Big Picture San Diego Blog

December 3, 2012


From left to right: Cathy Berg, Regional Vice President Passenger Sales Western United States, American Airlines; Jun Niimi, Consul General of Japan in Los Angeles; Yoshiharu Ueki, Representative Director/President, Japan Airlines; Thella Bowens, President/CEO,  San Diego County Regional Airport Authority; Hiroyuki Hioka, Senior Vice President-The Americas, Japan Airlines

It was a day of firsts at San Diego International Airport (SDIA) on Sunday, December 2, as Japan Airlines (JAL) flight #66 arrived from Tokyo and flight #65 departed. It was also the first commercial flight out of SDIA for the highly touted Boeing 787 Dreamliner. "Let's think of all the real people who will benefit from this flight," said Thella Bowens, President and CEO of the San Diego County Regional Airport Authority, adding that half a million people from San Diego travel to Asia every year. Bowens described the Dreamliner as a dream aircraft for the San Diego market because it is the first aircraft with the size, airfield performance and range to make the nonstop oceanic flight viable.

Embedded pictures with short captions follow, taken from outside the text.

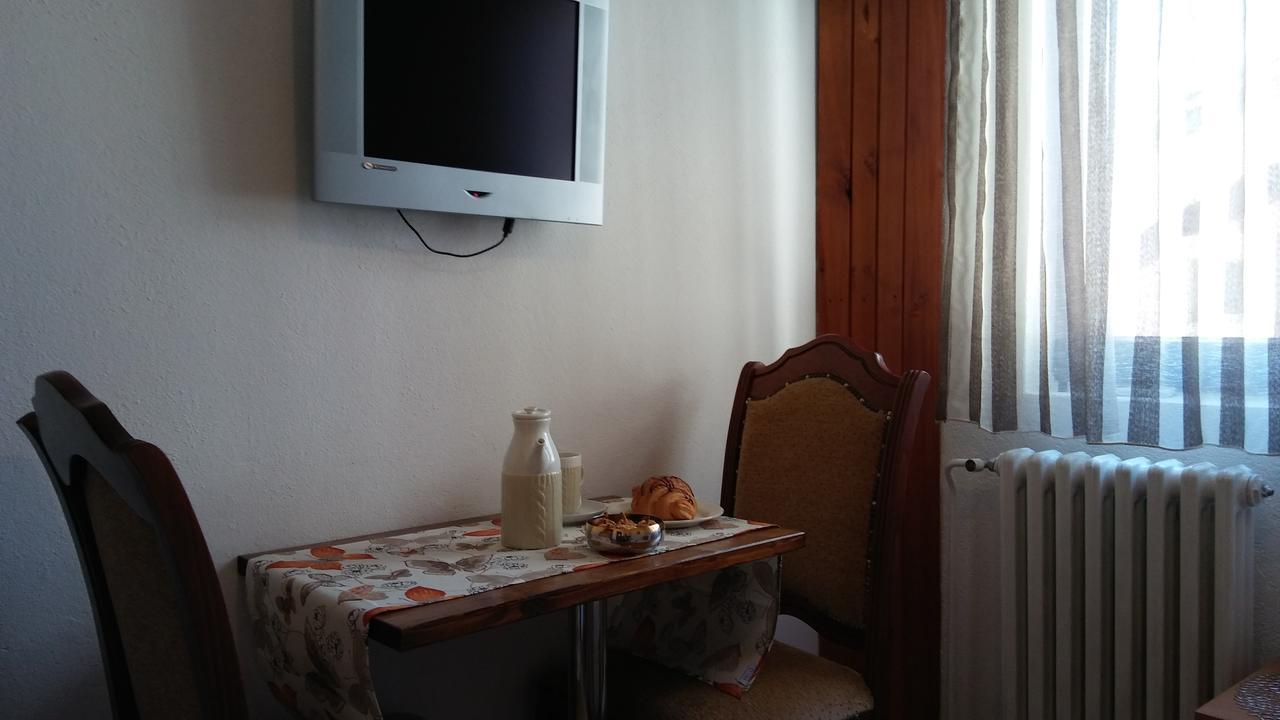 Guest House Villa Castio Petrovac Kültér fotó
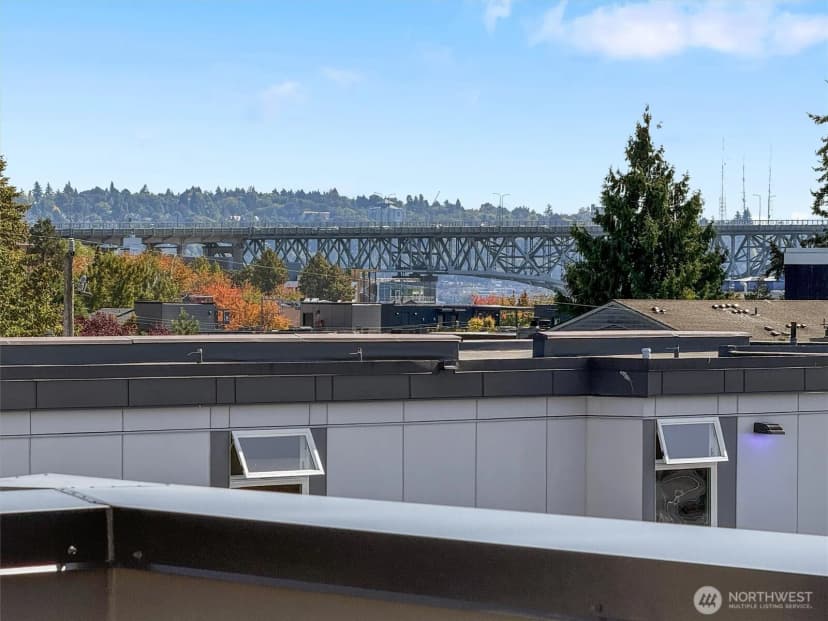 Property photo for 3646 B Greenwood Avenue N, Seattle photo 36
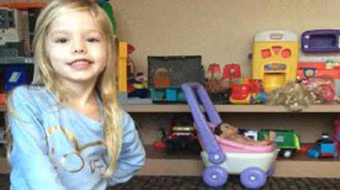 Cha mẹ phải làm "gãy chân" con 3 lần/ngày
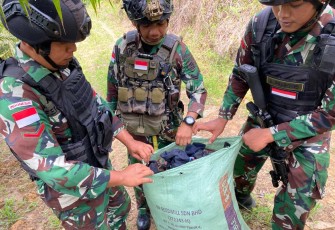 Penyelundupan ball press di perbatasan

San Diego Regional EDC worked with the Airport Authority and other organizations to make the case for the San Diego-Tokyo flight. Before now, business executives had to fly to Los Angeles, San Francisco or other west coast cities to connect to Asia. The new Tokyo service will link directly to 15 other destinations in Asia.

Bob Filner, new Mayor of the City of San Diego, attended the press conference held prior to the arrival of the inbound flight and reiterated his desire to strengthen San Diego's image as an international center. "I want to make San Diego a far more cosmopolitan center," said Filner. He also recognized the economic benefits the new flight will bring to the San Diego region.

The ceremonies that accompanied the launch of the new service were marked by elegant protocol and buoyant enthusiasm. White gloved dignitaries simultaneously cut a ribbon with multiple pairs of large gold scissors. JAL President Yoshiharu Ueki, invoking the Spirit of St. Louis (which was built in San Diego), said "San Diego is so connected to aviation history. Time has brought us more innovation in the new Boeing 787 Dreamliner and it has special meaning to me to take this historic journey with you."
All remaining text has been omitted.